This is what I came up with so far, a gain of about 28. In class, the only purpose of using the darlington pair was to give a high gain. and the hand calculations showed that there was a differential gain of around 5000 V/V for a problem that has the same setup as the attached circuit. can you explain why I get such a fair gain in here, and how to make it better?

 

What was the circuit in class?

I'm not the wizard of input stages, and usually use FETs for switching.

Hopefully others will be along as well, though, but I'll try to bump along, did you read the link I posted above?

 

Those FETs are operating at only some tens of microamps. At that level their gm will be low. You may get better results with with more current, although the drain loads will need to be reduced to maintain acceptable voltages.

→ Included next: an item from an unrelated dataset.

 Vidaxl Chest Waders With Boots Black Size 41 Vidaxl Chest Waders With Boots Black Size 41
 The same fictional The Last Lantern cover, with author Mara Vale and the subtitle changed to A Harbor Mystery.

Generally junction FETs will not give a large enough gm relative to the drain current to permit extreme voltage gains in a resistively loaded stage. The use of a Darlington pair following stage in principle allows a high impedance load to be used, but the DC drain current limits the practical load resistance.

If a large gain is actually required, consider the use of a cross-coupled current mirror load. This might be implemented using P-channel FETs or PNP BJTs, but note that the bias voltage stability of such things tends to be poor. An overall negative feedback loop may be required to establish a stable working point.

 

The darlington-connected transistors have NO voltage gain. Their output voltage swing is a little less than the input voltage swing if they are not loaded much. They amplify current so that the differential amplifier has a very high load resistance so it can have high voltage gain.

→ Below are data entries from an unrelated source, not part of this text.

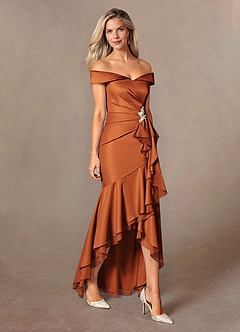 Azazie Billings vestidos de madre de la novia Vestido de Canela de Satén Elástico de Sirena con Vestidos sin tirantes image6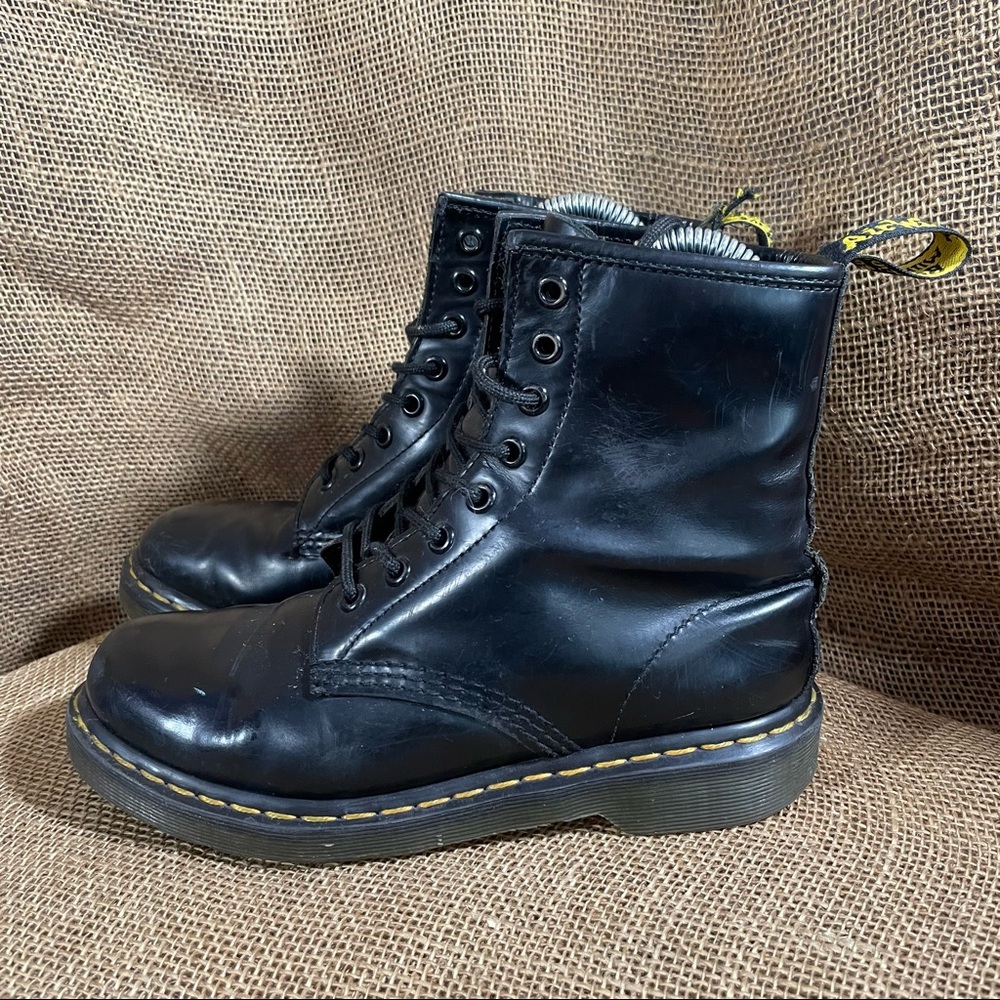 DOC MARTENS Black Patten Leather 8 Eye Boots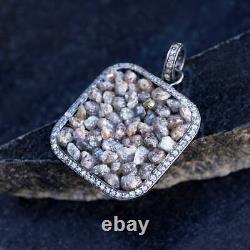 Pave Set Raw Diamond Square Pendant 925 Sterling Silver Jewelry Gift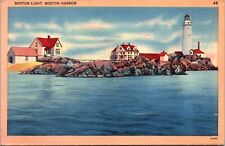 Boston Massachusetts MA Boston Light House Shore View Vintage c 1940's Postcard picture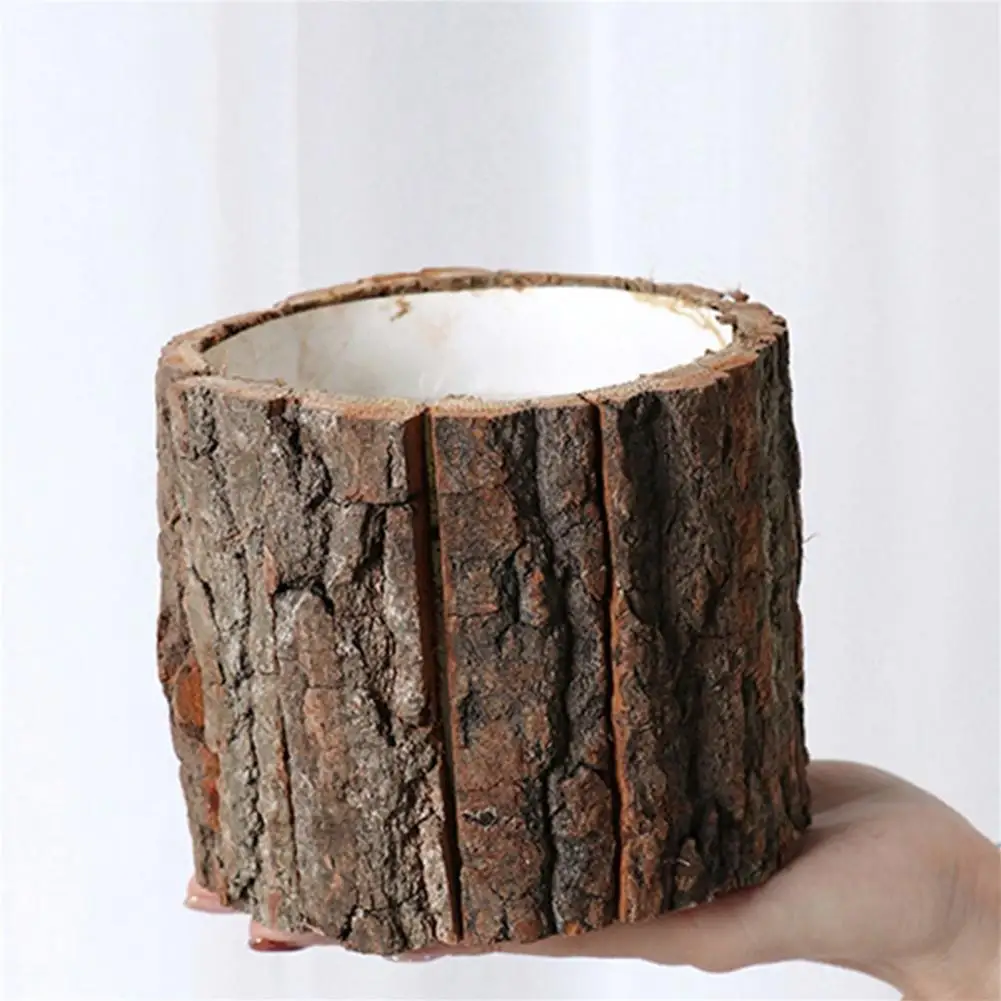 Dried Flower Packaging Bark Barrel Faux Tree Bark Dried Flower Packaging Box Flower Vase Christmas Xmas Decor Bark Barrel Bucket 6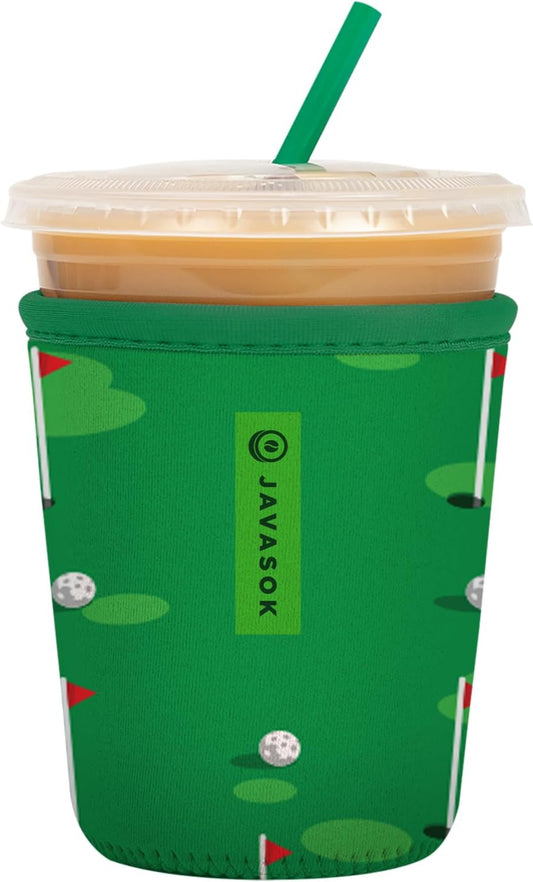 Sok It JavaSok Iced Coffee & Cold Soda Insulated Neoprene Cup Sleeve (Golf, Small: 16-20oz)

You are making an opamp but your circuit barely looks like the schematic of thousands of opamps or audio amplifiers. Why don't you look at one?

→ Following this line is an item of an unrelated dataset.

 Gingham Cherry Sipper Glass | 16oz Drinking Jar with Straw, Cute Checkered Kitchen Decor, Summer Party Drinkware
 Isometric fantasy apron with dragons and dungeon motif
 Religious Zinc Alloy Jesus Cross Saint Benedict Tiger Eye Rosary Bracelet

Here is a simple audio amplifier from Red Circuits. It can perform like a simple opamp and do what you want.

 

Here is a simple audio amplifier from Red Circuits. It can perform like a simple opamp and do what you want.

This is close to being what would work, except the assignment doesn't allow capacitors. The input removes DC bias, so it can be removed, while C2 and C3 are for frequency response and can be safely removed for this specific assignment.

What to do about C4 bootstrapping the lower output driver, though? A voltage divider bias replacement of some sort?

 

This is close to being what would work, except the assignment doesn't allow capacitors. The input removes DC bias, so it can be removed, while C2 and C3 are for frequency response and can be safely removed for this specific assignment.

C1 is the input coupling capacitor which can be removed.
R1 biases the input at 0V and it can also be removed.
R2 and C2 cut radio frequency interference and can be removed.
C3 allows a DC gain of 1 for good bias stability but a high AC gain and can be removed.

What to do about C4 bootstrapping the lower output driver, though?

C4 is a simple integrator that cuts high frequencies (the frequency compensation capacitor in almost every opamp) so that plenty of negative feedback can be applied without oscillation happening. It can be removed.

If this opamp has a gain of 2000 and is DC-coupled (because capacitors are not allowed) then it will saturate if the input DC is +1V and -1V.

 

Thank you for the detailed explanation! Audio amps and op amps aren't my forte, and you explained things better than I.

I thought C4 was providing bias via bootstrap for some reason, but now I realize there's no resistors/other components with it.

I'm assuming the inputs would be on the two bases of the LTP?

--ETA: To the OP:

Your output is riding on a 2.065V bias, which can be removed by using the push-pull output (actually, the entire circuit) posted by audioguru above, omitting the caps as he stated.

The circuit posted by audioguru is a current source feeding a long tailed pair, the output of which goes into a push-pull complimentary pair, it is bare-bones simple compared to the composition of any op-amp IC, and probably about the simplest solution to fit your requirements.

http://forum.allaboutcircuits.com/attachment.php?attachmentid=37024&d=1322495975 (your output)

 

R1 is useless when the input DC voltage varies from +1V to -1V.

 

The OP needs to amplify the AC content but not the DC, without capacitors. Perhaps inductances or transformers are permitted?

Failing that, possibly frequency dependencies in semiconductors could be used. Would using a reverse biased diode or transistor junction capacitance as a coupling constitute "cheating"?

Then again, DC feedback might perhaps be applied around an amplifier using a feedback path designed to have very low bandwidth, so that at moderate frequencies a much larger gin is obtained. It might be fun trying to maker such a system stable.